Not until we had left the house well behind did the girl’s face relax its tense lines. I was watching her more closely than I had realized, for when we had gone a little way along the road she turned to me almost petulantly. “Please don’t stare so at me,” she said, to my sudden confusion. “I know the hat is dreadful. Green always makes me look ghastly.”
“Perhaps it was the green.” I was unaccountably relieved. “Do you know, a few minutes ago, you looked almost pallid to me!”

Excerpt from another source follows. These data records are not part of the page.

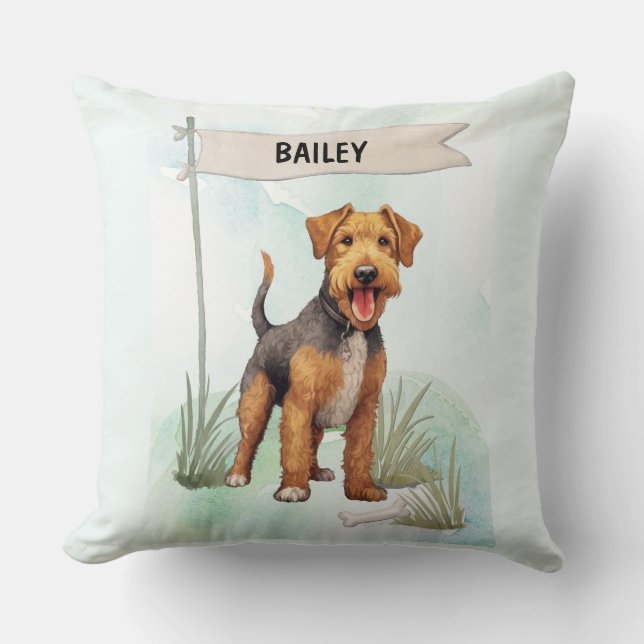 Welsh Terrier Watercolor Personalized Dog Kussen (Voorkant)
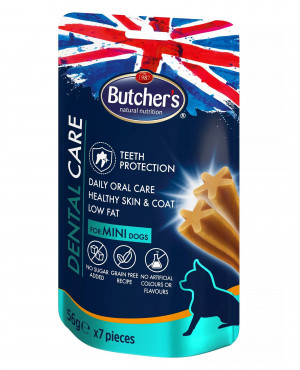 BUTCHER'S Dental Care for mini dogs - przysmak dentystyczny dla psów małych - 56g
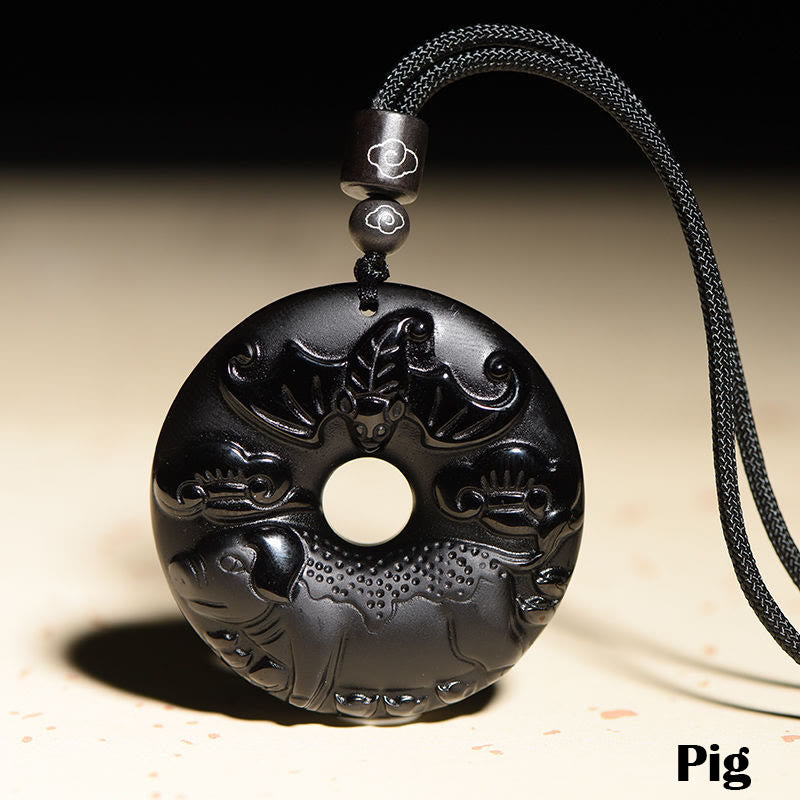 Collier pendentif force en obsidienne noire du zodiaque chinois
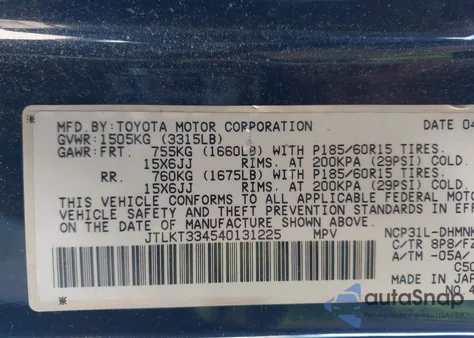 2004 Scion Xb z USA, uszkodzony, nr VIN JTLKT334540131225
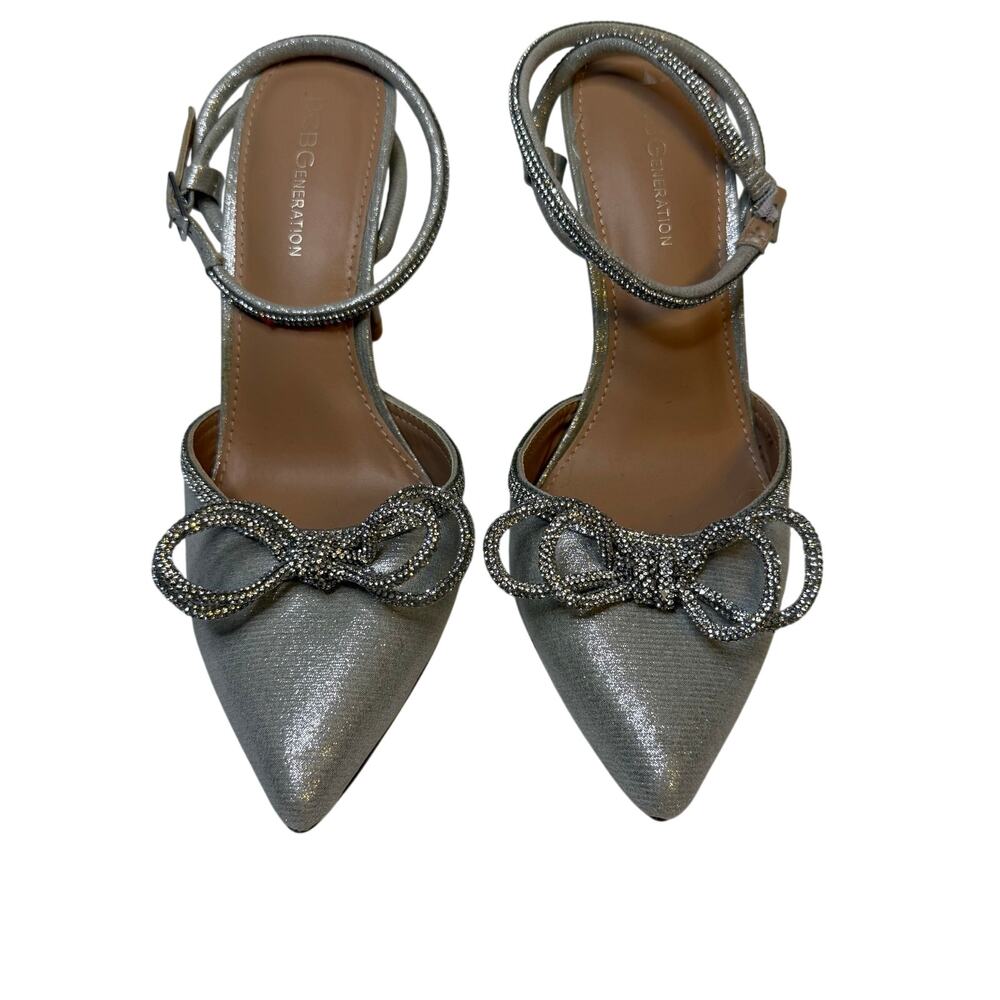 BCBGeneration Silver Rhinestone Bow Ankle Strap Heels 8.5 - Picture 7 of 11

She glanced at me quickly, but I was gazing ahead. We were out of sight of the house, now, and with every step away from it the girl was obviously relieved. Whatever she held in her hand, she never glanced at it. But she was conscious of it every second. She seemed to come to a decision about it while we were still in sight of the gate, for she murmured something and turned back alone, going swiftly, her feet stirring up small puffs of dust at every step. She fastened something to the gate-post, - I could see the nervous haste with which she worked. When she joined me again it was without explanation. But the clenched fingers were free now, and while she looked tired and worn, the strain had visibly relaxed.
We walked along slowly in the general direction of the suburban trolley line. Once a man with an empty wagon offered us a lift, but after a glance at the springless vehicle I declined.
“The ends of the bone think they are castanets as it is,” I explained. “But the lady - ”
The young lady, however, declined and we went on together. Once, when the trolley line was in sight, she got a pebble in her low shoe, and we sat down under a tree until she found the cause of the trouble.
“I - I don’t know what I should have done without you,” I blundered. “Moral support and - and all that. Do you know, my first conscious thought after the wreck was of relief that you had not been hurt?”
She was sitting beside me, where a big chestnut tree shaded the road, and I surprised a look of misery on her face that certainly my words had not been meant to produce.
“And my first thought,” she said slowly, “was regret that I - that I hadn’t been obliterated, blown out like a candle. Please don’t look like that! I am only talking.”